▶ _Saved data entries_

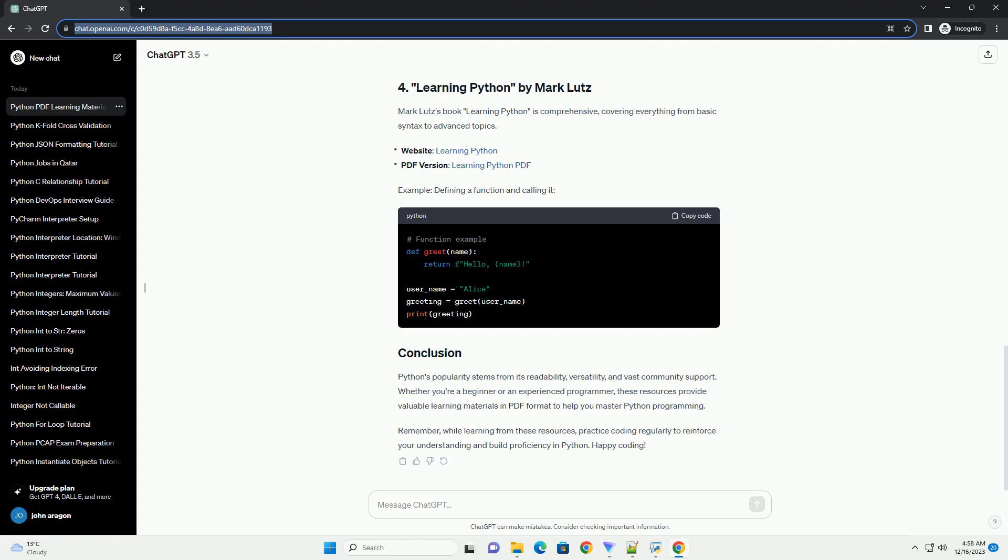Python Crash Course is another highly recommended book for beginners. It covers Python fundamentals and practical projects. Example: Using a Loop to Print Numbers. Mark Lutz's book Learning Python is comprehensive, covering everything from basic syntax to advanced topics. Example: Defining a Function and Calling it.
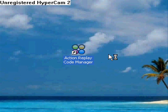Using HyperCam slows my computer down a lot, so sorry about that — this is pretty slow.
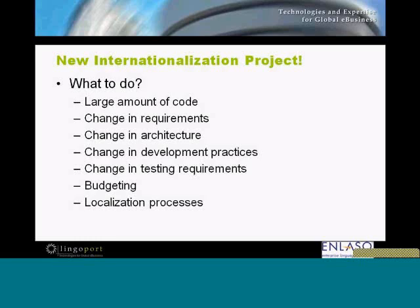We worked on a product that had been around for quite a long time last year, and another one this year that was around since the early 90s — real legacy alongside lots of new stuff. That has a very significant effect in terms of reining in your requirements and reining in your architectures. These are big system projects.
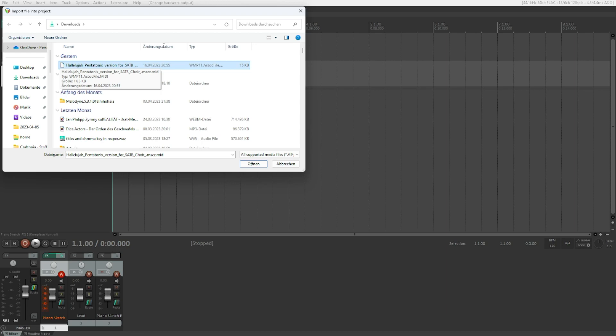So it's the Hallelujah Pentatonix version for SATB Choir, which is soprano alto tenor bass. And it's a MIDI file from musescore.com. Now we'll just hit enter on that and see what happens.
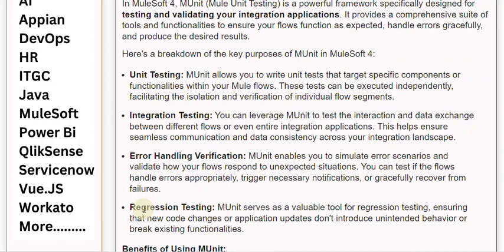Regression Testing: MUnit serves as a valuable tool for regression testing, ensuring that new code changes or application updates don't introduce unintended behavior or break existing functionalities.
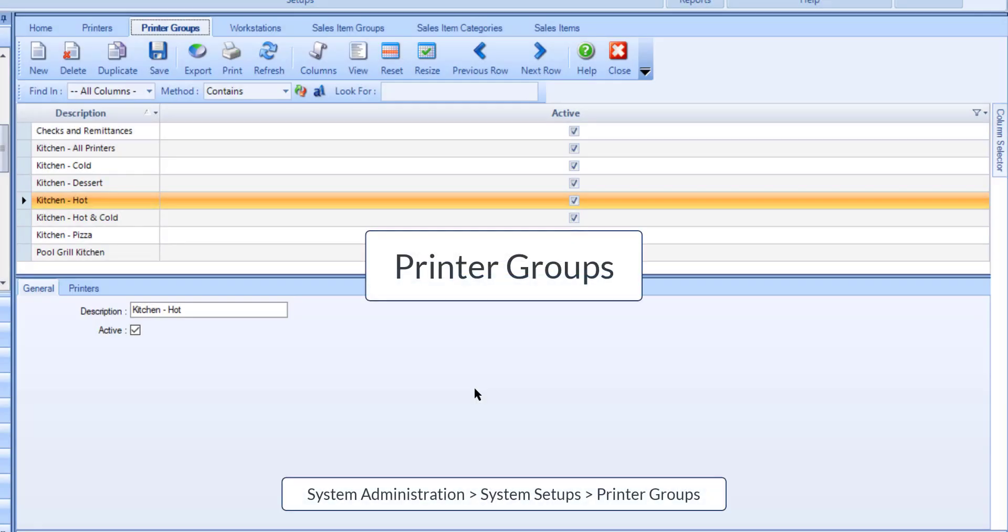In the printer groups program, you can optionally set up printer groups. Printer groups can be used to classify groups of printers into separate areas. They can also be used to send print jobs to a group of printers all at once.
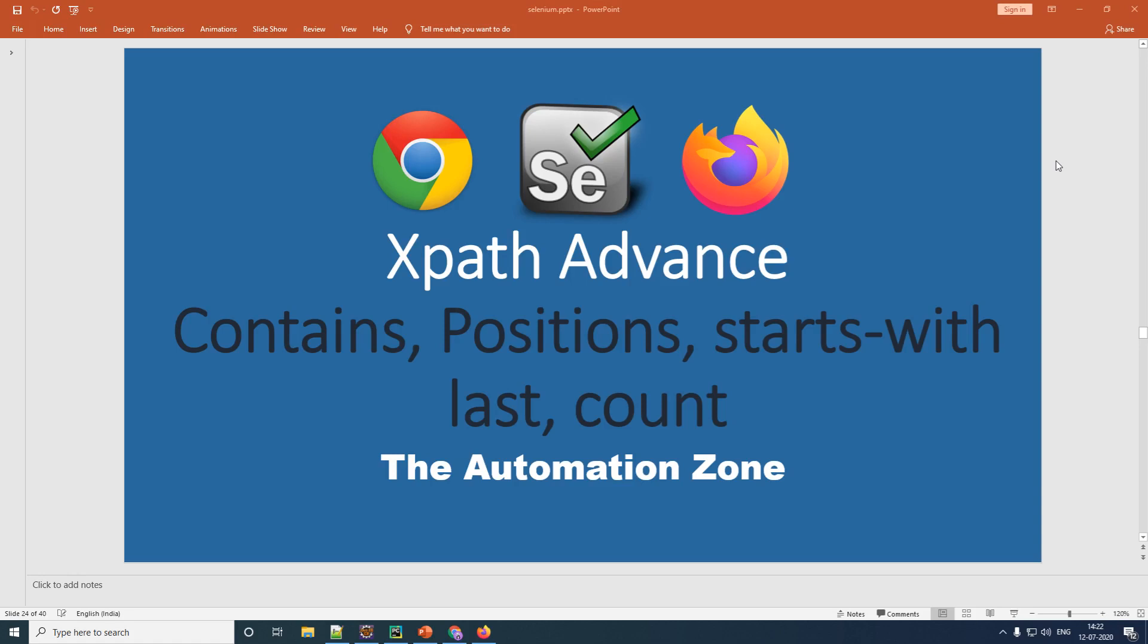Welcome everybody to this second tutorial of XPaths. In our previous session, we learned to create basic as well as advanced XPath in Selenium. The link of that I will be giving in the description below. In this tutorial, we will be focusing on five very important functions when creating your advanced XPaths. Those are given on your screen.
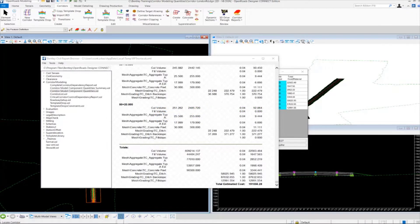So as you can see it's pretty easy to generate some basic quantities from the corridor model itself using the component quantity tool.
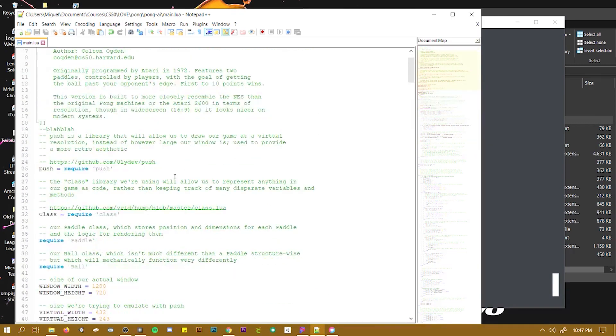And that is how to load Lua files into Love2D.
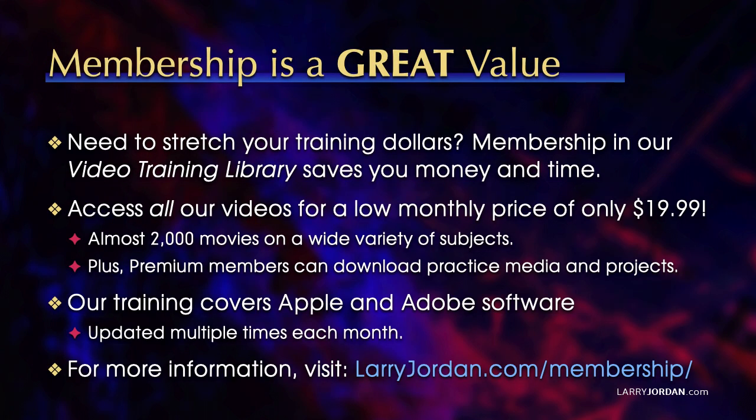By the way, when you need to stretch your training dollars, membership in our video training library saves you money and time. You can access all our videos for a low monthly price of only $19.99. Almost 2,000 movies on a wide variety of subjects. Plus, premium members can download practice media and projects. Our training covers Apple and Adobe software. We update it multiple times each month. And for more information, visit LarryJordan.com slash membership.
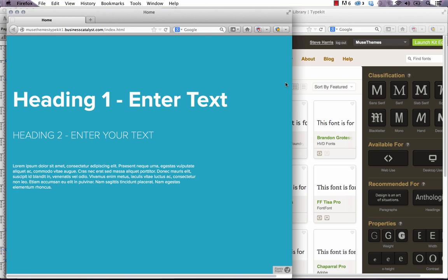Hey everyone, welcome to musethemes.com. My name is Steve Harris. As a designer myself, I was really excited when I heard that Adobe bought the Typekit library, because I assumed that we'd be able to use the entire library directly in Muse.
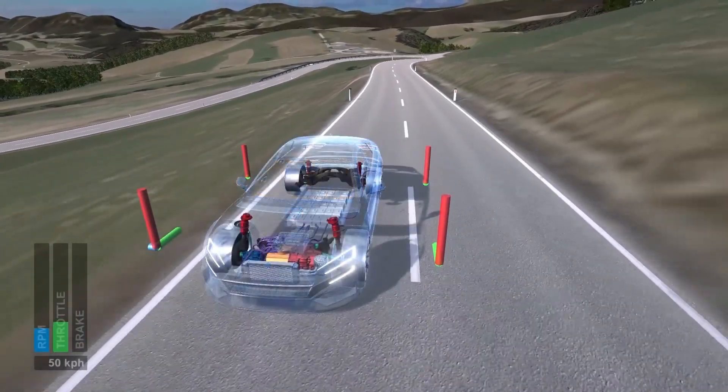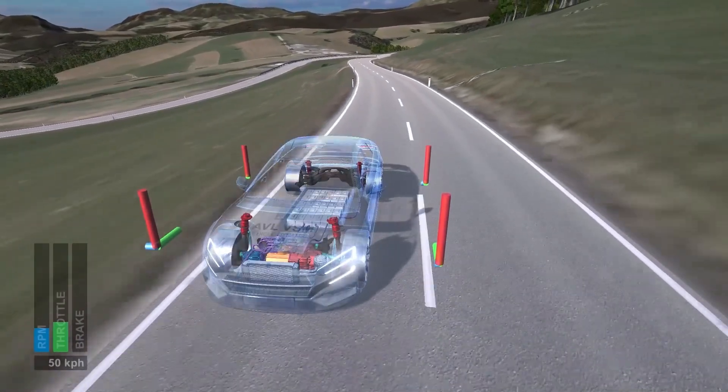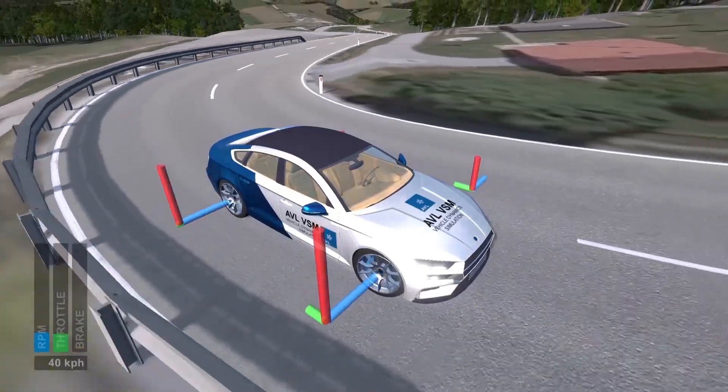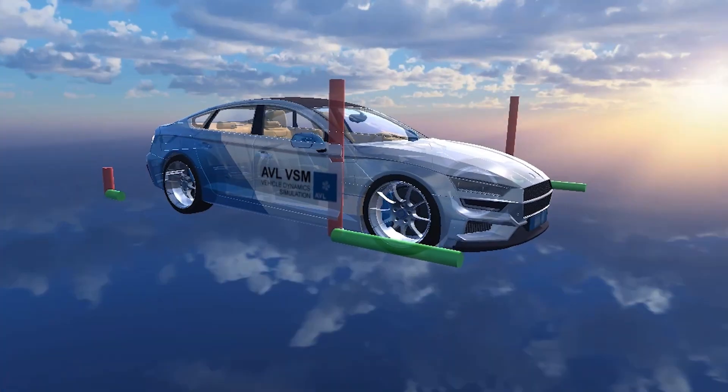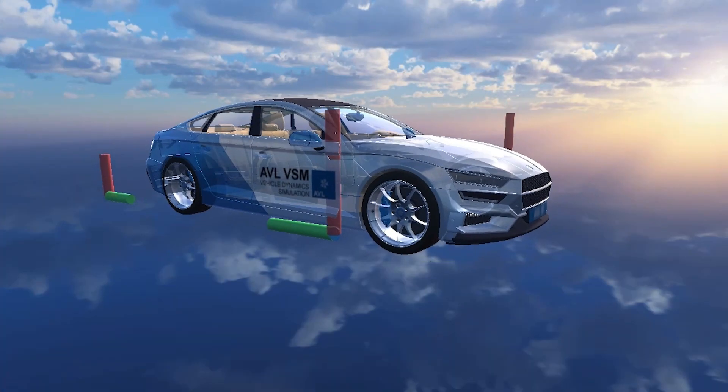However, there is one key element: correlation of the simulation models. Our requirement is to have the best match between virtual world and real world. Because only if you can accurately replicate the motion and dynamic behavior of a vehicle, such as rolling or pitching, you will be able to get realistic virtual sensor data. Only if you have accurate tire and brake models, you can simulate an automated emergency brake correctly.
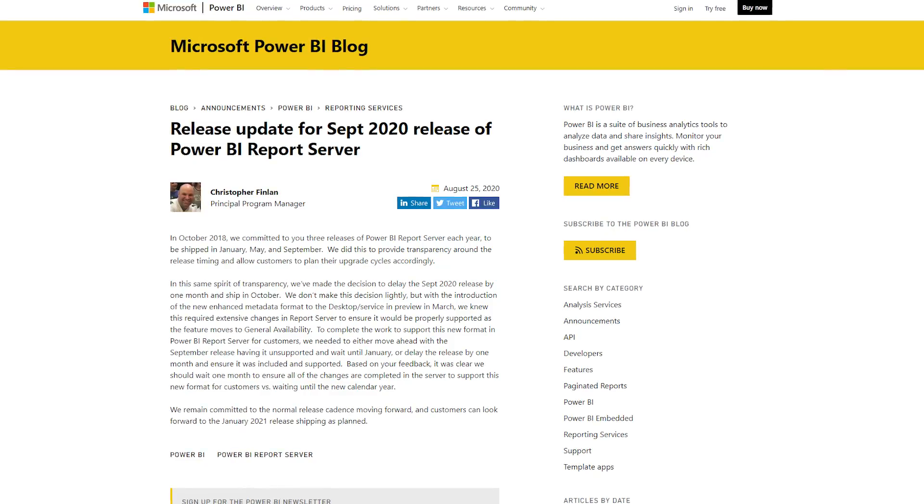There's a blog post on the Power BI blog from Chris Finland talking about Power BI Report Server. He had previously mentioned the release cadence would be January, May, and September. Well, September is pretty much here, and this post talks about the fact that the release of Power BI Report Server is going to be pushed to October instead. This has to do with the enhanced metadata option inside of Power BI Desktop — there's extra work needed to get this working inside of Report Server. The decision was either wait till October or wait till January, and they opted to push it one month. Loving the transparency there — check out the blog post for all the details.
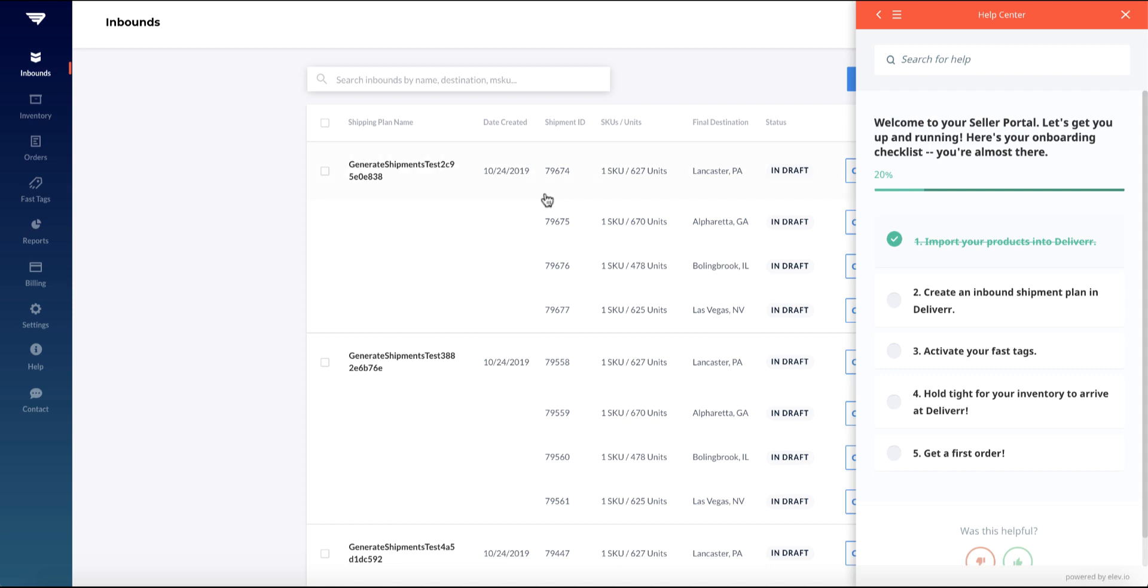Welcome to the Deliver seller portal. Here's a quick tour of your dashboard and an overview on how to be a successful Deliver seller. In short, to get set up with Deliver, you'll go through three simple steps. Number one:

▶ _TASK OBJECTIVE_
Give again, exactly, the lines from the start of the data through the one holding "Using HyperCam slows"; omit the pictures.

▶ _SOLUTION TO THIS PROBLEM_
Python Crash Course is another highly recommended book for beginners. It covers Python fundamentals and practical projects. Example: Using a Loop to Print Numbers. Mark Lutz's book Learning Python is comprehensive, covering everything from basic syntax to advanced topics. Example: Defining a Function and Calling it.
Using HyperCam slows my computer down a lot, so sorry about that — this is pretty slow.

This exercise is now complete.